Sie ist ein Nachtschattengewächs; allein das ist doch spannend. Und man sagte ihr früher allerlei Sachen nach, dass sie aphrodisierend wirke, zum Beispiel. Dazu kommt die Geschichte mit dem Solanin: Im Prinzip ist die Pflanze giftig.
Ausserdem gilt die Kartoffel als Königsdisziplin im Ackerbau.
Ja, weil sie echt heikel ist und unglaublich viele Feinde hat. Man sagt ja, der dümmste Bauer habe die grössten Kartoffeln – aber wer das behauptete, war nicht der Schlauste. Es kann durchaus vorkommen, dass einer ohne grosses Zutun riesige Knollen erntet: per Zufall. Die Schwierigkeit ist, über mehrere Jahre eine konstante, gute Qualität zu haben. Und mit den alten Sorten ist es noch einen Zacken komplizierter; die wurden nicht wie manche moderne Varietäten mit Resistenzen gezüchtet. Wir mussten also erst herausfinden, welche Sorten bei uns funktionieren – und auch solche, die im Markt super ankamen, wieder abschreiben, weil sie für gewisse Krankheiten zu anfällig und nicht in Bioqualität anbaubar waren.
Heute kultivieren Sie 46 Sorten.
Von denen vielleicht 42 funktionieren. Der Rest ist eben fürs Gemüt. Das mag schlecht fürs Geschäft sein, ist aber gut für mich – neue Sorten auszuprobieren, ist meine Leidenschaft.
Welche davon ist für Sie momentan besonders spannend?
Ach, das ist ein bisschen wie mit Kindern. Ich kann nicht sagen, dass ich eins lieber hätte als das andere.
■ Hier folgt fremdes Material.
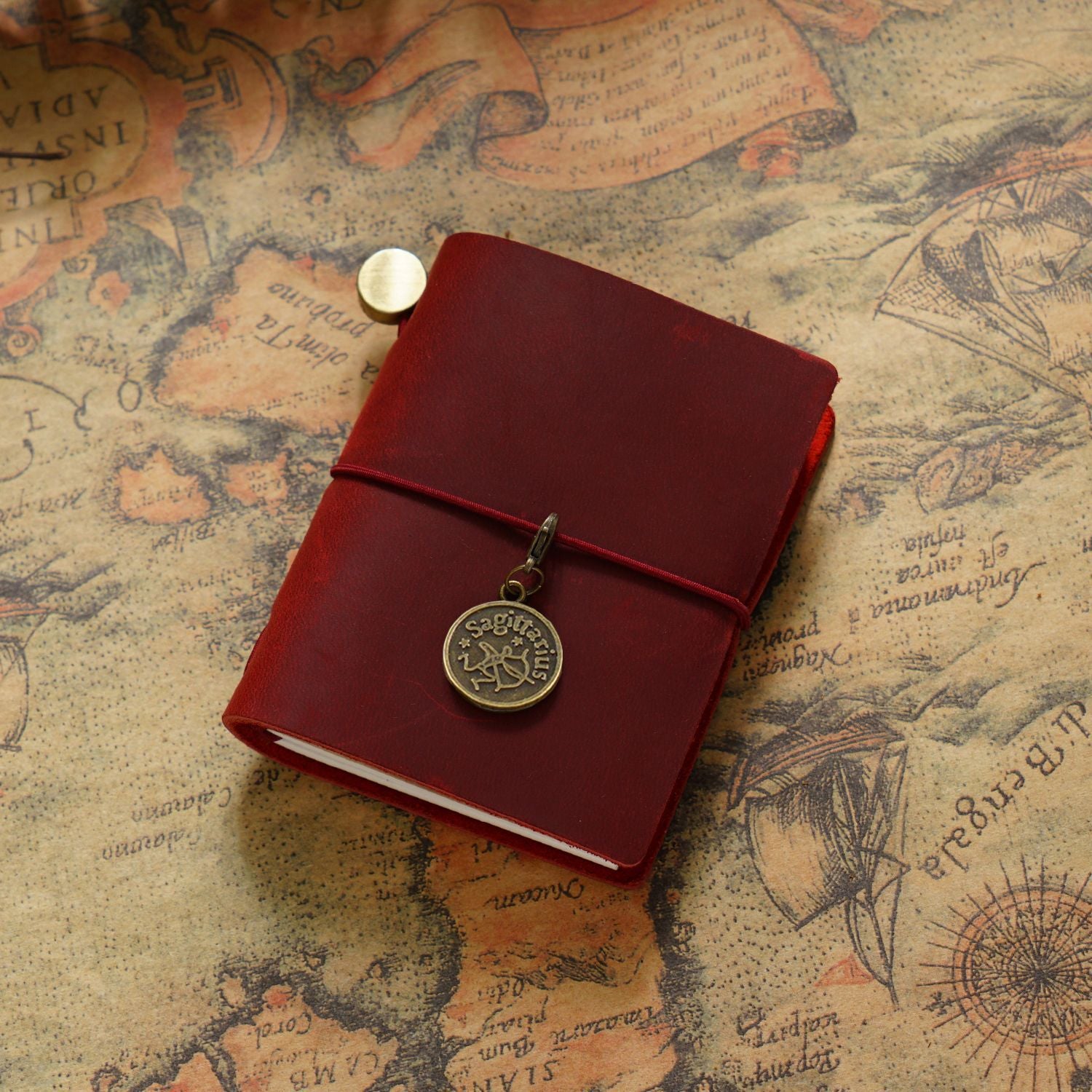 Wholesale Mini cute portable account book handmade leather notebook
Die Weissen Lötschentaler zum Beispiel sind super, weil sie sehr dankbar sind und kaum Ärger machen. Auf der anderen Seite ist die Highland Burgundy Red toll; die vermutlich schwierigste Sorte, die ursprünglich aus Schottland stammt und mit der wir die ersten vier, fünf Jahre nur Probleme hatten. Jede Kartoffel hat ihren Charakter, und es braucht Zeit, diesen kennen zu lernen. Heute weiss ich, welche Sorte welchen Boden mag, sodass sie gut gedeiht und den besten Geschmack entwickelt.